Dave Zvenyach: Such a great question. And actually, I think that’s one of the things that we really pride ourselves on within TTS. It’s that we think about these projects not just in terms of, okay, we’ve got $150 million, let’s spend it. But think about how we can get the most return on investment for those dollars. And that’s where programs like 10x have really excelled. Not only because they have great ideas, but they actually kill a lot of bad ideas. And we find that’s true, too, is that you’re going to spend some projects that seem like they’re great. When you get into it a little bit, you say, no, that’s not going to work, or it’s not really returning the types of results that we want, and shut them down. And so when we think about these first 14 projects on the American Rescue Plan, and then also with the 10x program and beyond, the goal is not necessarily for every project to be wildly successful. We expect to get a few home runs through the effort.

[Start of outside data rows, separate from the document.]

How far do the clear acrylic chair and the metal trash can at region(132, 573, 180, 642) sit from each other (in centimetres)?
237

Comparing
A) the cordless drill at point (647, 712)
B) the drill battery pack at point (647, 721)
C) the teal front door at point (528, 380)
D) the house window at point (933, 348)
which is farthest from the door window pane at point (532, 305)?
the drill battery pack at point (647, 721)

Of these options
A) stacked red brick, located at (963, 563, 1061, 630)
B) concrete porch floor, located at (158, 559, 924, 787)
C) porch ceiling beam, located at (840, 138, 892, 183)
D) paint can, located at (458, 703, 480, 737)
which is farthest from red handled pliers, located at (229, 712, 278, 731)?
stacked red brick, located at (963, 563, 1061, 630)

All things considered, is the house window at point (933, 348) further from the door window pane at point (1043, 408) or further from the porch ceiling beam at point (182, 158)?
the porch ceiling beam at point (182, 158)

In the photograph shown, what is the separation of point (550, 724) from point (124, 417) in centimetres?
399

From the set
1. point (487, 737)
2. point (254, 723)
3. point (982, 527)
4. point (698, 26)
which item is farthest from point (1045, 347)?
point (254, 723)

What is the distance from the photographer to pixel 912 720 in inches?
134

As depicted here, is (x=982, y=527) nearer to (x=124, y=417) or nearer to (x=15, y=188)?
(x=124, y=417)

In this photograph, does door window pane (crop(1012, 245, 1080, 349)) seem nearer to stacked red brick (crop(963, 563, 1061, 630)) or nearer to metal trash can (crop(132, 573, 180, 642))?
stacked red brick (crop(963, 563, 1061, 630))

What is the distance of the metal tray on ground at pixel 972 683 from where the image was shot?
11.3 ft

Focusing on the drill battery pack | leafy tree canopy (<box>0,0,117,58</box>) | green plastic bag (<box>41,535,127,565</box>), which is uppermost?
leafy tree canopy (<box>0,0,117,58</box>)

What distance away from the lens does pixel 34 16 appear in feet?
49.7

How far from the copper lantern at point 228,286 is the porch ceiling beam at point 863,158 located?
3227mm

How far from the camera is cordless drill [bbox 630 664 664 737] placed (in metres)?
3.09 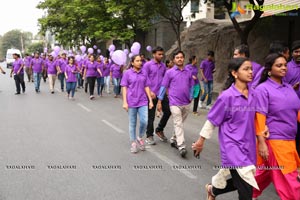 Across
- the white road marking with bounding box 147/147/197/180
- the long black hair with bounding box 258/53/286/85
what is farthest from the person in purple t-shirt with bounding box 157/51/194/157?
the long black hair with bounding box 258/53/286/85

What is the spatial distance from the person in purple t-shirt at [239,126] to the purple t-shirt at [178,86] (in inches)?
113

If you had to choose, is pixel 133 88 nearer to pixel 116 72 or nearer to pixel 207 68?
pixel 207 68

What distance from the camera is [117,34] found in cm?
2016

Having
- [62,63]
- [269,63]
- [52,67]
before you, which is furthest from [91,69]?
[269,63]

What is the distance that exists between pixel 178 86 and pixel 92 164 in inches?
77.1

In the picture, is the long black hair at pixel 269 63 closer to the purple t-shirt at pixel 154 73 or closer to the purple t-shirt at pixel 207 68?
the purple t-shirt at pixel 154 73

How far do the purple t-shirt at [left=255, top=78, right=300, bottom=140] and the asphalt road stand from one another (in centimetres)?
118

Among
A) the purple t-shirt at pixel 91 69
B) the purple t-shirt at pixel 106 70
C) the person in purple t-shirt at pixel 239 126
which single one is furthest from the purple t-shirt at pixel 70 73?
the person in purple t-shirt at pixel 239 126

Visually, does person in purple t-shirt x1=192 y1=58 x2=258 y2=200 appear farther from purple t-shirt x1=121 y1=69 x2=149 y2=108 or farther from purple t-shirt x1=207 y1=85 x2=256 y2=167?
purple t-shirt x1=121 y1=69 x2=149 y2=108

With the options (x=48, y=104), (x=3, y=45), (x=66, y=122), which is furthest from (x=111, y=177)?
(x=3, y=45)

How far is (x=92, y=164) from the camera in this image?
5871 mm

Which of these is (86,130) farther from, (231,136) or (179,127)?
(231,136)

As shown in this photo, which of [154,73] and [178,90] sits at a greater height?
[154,73]

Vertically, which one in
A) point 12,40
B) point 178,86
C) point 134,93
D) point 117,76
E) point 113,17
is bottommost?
point 117,76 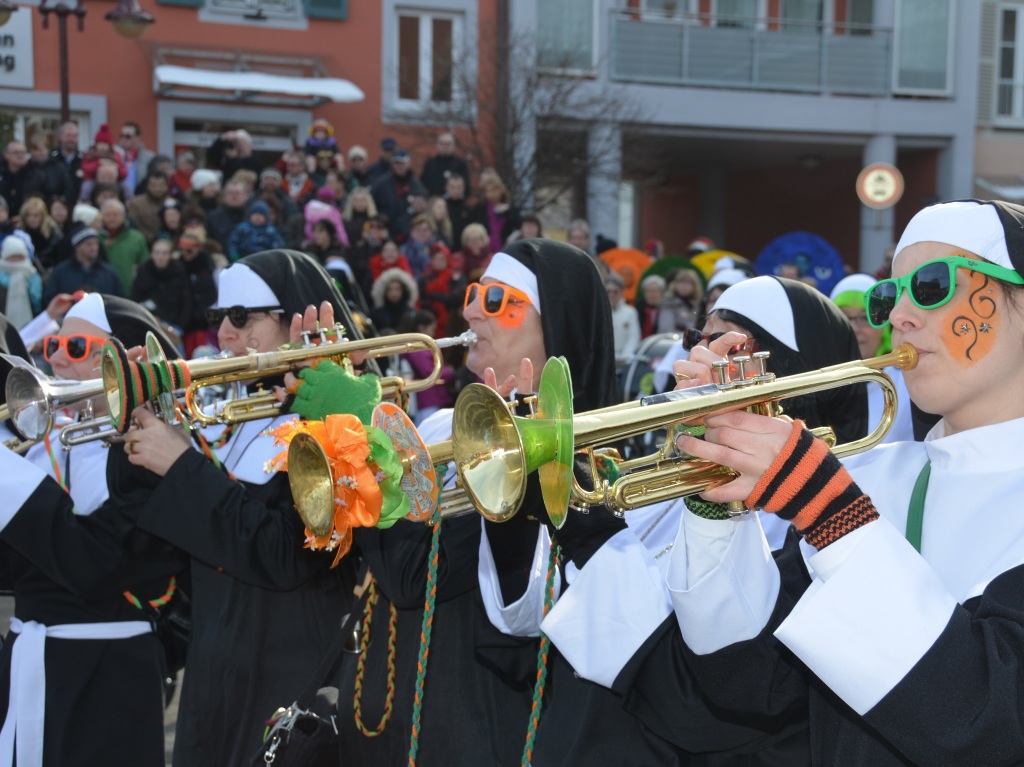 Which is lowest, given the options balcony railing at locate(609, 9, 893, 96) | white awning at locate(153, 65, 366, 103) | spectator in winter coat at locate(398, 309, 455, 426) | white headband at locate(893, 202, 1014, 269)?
spectator in winter coat at locate(398, 309, 455, 426)

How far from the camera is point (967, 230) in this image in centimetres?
215

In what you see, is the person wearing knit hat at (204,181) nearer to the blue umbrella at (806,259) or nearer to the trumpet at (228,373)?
the blue umbrella at (806,259)

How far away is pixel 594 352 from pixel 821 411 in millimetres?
799

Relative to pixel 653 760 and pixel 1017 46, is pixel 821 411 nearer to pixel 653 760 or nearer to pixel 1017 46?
pixel 653 760

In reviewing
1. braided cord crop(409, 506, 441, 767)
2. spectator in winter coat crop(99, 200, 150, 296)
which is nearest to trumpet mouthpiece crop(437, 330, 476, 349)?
braided cord crop(409, 506, 441, 767)

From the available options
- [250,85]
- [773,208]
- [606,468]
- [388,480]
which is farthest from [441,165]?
[773,208]

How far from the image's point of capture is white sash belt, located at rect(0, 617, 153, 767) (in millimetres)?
3438

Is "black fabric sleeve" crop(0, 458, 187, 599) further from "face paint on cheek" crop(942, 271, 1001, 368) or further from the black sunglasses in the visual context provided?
"face paint on cheek" crop(942, 271, 1001, 368)

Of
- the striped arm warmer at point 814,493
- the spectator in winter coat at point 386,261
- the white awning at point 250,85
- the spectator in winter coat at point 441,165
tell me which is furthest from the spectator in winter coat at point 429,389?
the white awning at point 250,85

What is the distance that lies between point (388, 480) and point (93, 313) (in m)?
1.99

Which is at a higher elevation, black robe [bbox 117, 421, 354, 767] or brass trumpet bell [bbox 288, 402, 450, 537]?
→ brass trumpet bell [bbox 288, 402, 450, 537]

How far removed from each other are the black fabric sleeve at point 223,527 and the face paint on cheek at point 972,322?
1899 millimetres

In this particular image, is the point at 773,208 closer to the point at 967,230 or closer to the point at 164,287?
the point at 164,287

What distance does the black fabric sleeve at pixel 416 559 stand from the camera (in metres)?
2.99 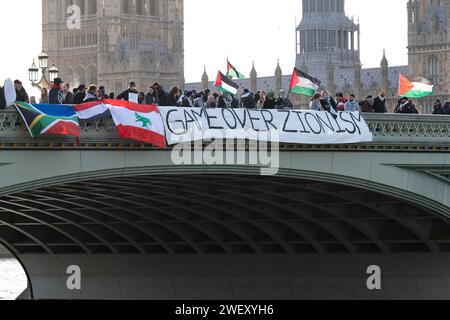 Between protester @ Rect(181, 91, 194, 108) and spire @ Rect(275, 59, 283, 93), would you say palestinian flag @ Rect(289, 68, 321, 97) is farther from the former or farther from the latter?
spire @ Rect(275, 59, 283, 93)

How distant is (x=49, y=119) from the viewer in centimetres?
3272

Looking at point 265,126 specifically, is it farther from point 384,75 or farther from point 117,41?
point 117,41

Tom Temin: And would you say that’s an emerging trend in the way government approaches these types of projects is much smaller time horizons and much faster trigger to kill off projects that aren’t going right? As opposed to, gee, five years and a billion dollars, we’ve got nothing to show for it, which still happens in this day.

Dave Zvenyach: That’s right. I tend to think that the riskiest projects are the ones that end after many years without actually having tested under the assumptions at the beginning. And so we really think about how we can be iterative and incremental in terms of testing our assumptions, reducing risk and getting to better results.

Tom Temin: David’s Zvenyach is deputy commissioner for the Federal Acquisition Service, and director of the Technology Transformation Service at the GSA. Thanks so much for joining me.

Dave Zvenyach: Absolutely. Thanks for having me.